The Media Is Overstating the Health Danger of 5G

Misguided caution about the health effects of cellphones and their networks is hindering progress

Photo: Artur Debat/Getty Images

I am a student at Harvard College studying electrical engineering and am in no way affiliated with telecommunications companies or lobbyist groups seeking to expedite the rollout of 5G or activist groups seeking to halt its rollout.

WeWe are on the verge of a communications revolution. The global rollout of 5G could signal an end to competing wireless networks and provide a unified system to connect power-hungry mobile phones and tiny internet of things sensors alike. As the U.S. and the EU argue over the geopolitical risks of 5G expansion and pressure mounts to install more 5G infrastructure, pushback from scientists and citizens threatens to stall progress. So it’s important to ask: Do 5G and other communications infrastructure present a risk to human and animal health?

To answer this question, we first need to explore traditional cellular infrastructure (2G, 3G, and some 4G) and how 5G is changing that.

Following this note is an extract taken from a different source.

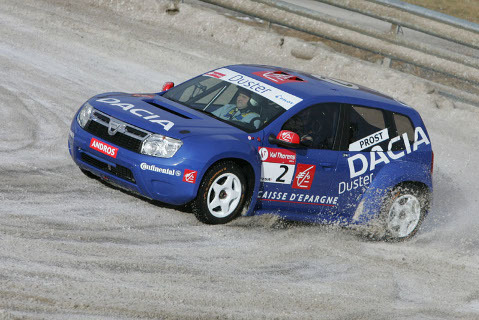 Alain Prost | Fot. tropheeandros.com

The term “cellular” in “cellular network” comes from the original cell-based layout of phone systems. High-power cell towers serve large overlapping regions, which allowed carriers to rapidly deploy cell networks across the globe. This architecture is still the backbone for cellular service in suburban and rural areas.

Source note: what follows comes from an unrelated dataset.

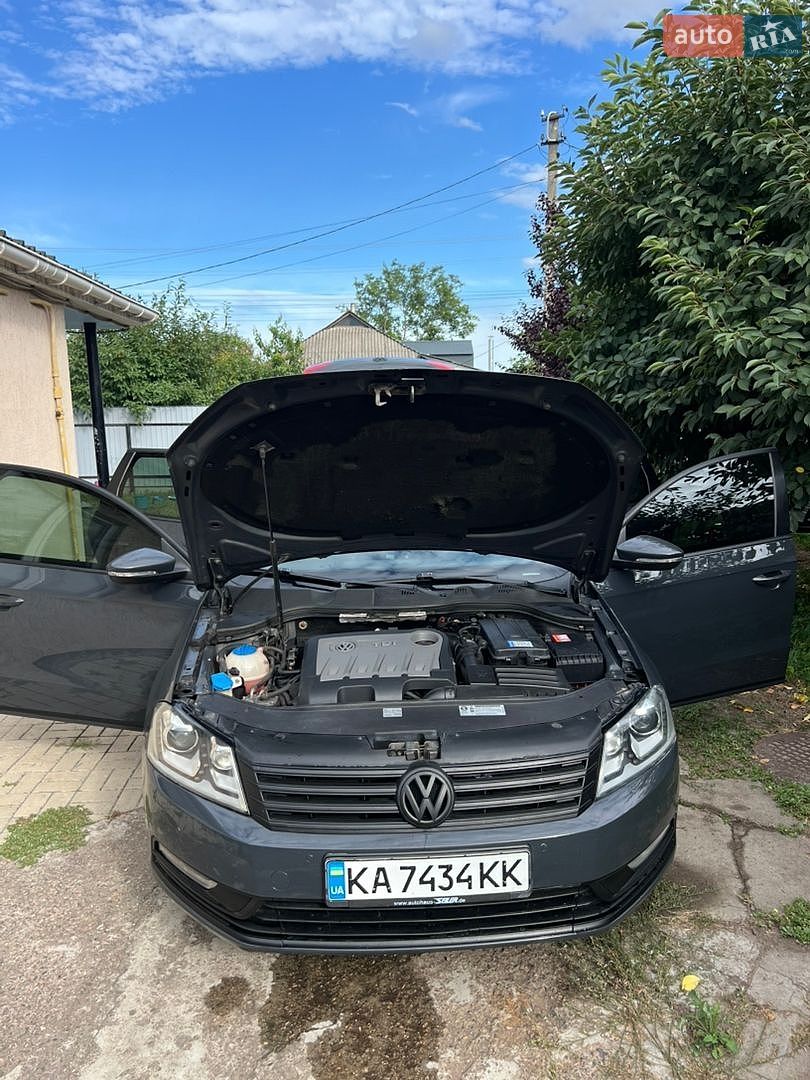Volkswagen Passat 2012 VIN WVWZZZ3CZCE188128 фото оголошення 29 з 29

These systems operate on lower-frequency portions of the electromagnetic spectrum, as lower-frequency waves (around 850 MHz and 1.9 GHz for 3G) are less easily blocked by obstacles. These bands are crowded with devices, and can only support certain maximum speeds. To overcome these limitations, the 5G specification extends communications into higher-frequency bands.

The cell-based architecture of cellular phone networks. Illustrations courtesy of the author.

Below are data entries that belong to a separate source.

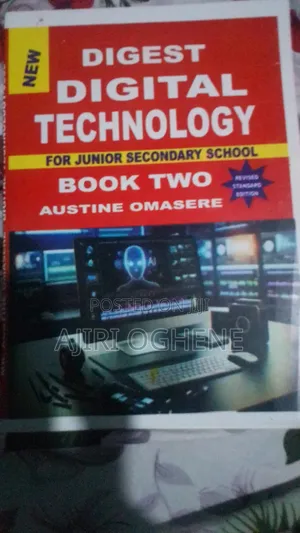 Digital Literacy and Digital Technology Text Book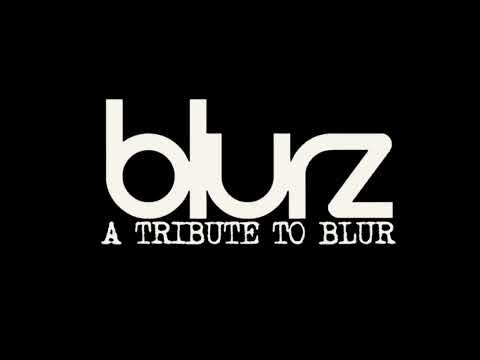 Blurz - A Tribute to Blur ( showreel )
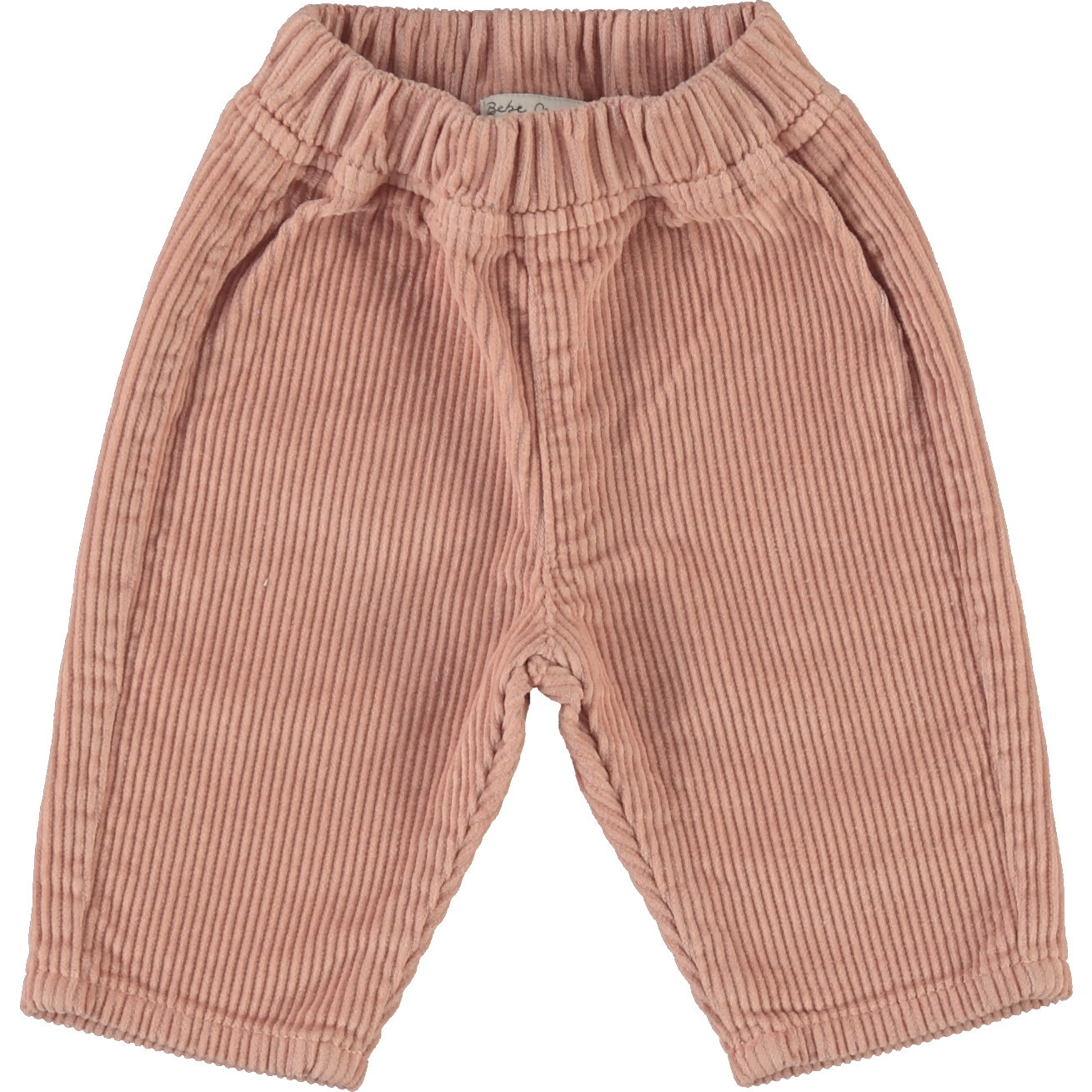 Vella Baby Pants, Pink - Pants - 1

Millimeter wave (mmWave) spectrum is a new band that exceeds 24 GHz and supports ultra-fast communications. Faster speeds come at a price, however. Millimeter wave electromagnetic radiation can barely penetrate through buildings, practically necessitating antennas on every street corner in urban areas. In non-urban areas, any hills or obstacles will also block mmWave. All carriers plan to deploy 5G on existing low-band spectrum, and slowly build out mmWave capabilities in cities.

This is where the health concerns about 5G begin. There have been plenty of studies and worries about cellular networks in the past, but the cell antennas themselves were largely out of sight and out of mind. With 5G, we will see the antennas more directly, and that makes some people more concerned about the increased antenna density and higher-frequency electromagnetic radiation.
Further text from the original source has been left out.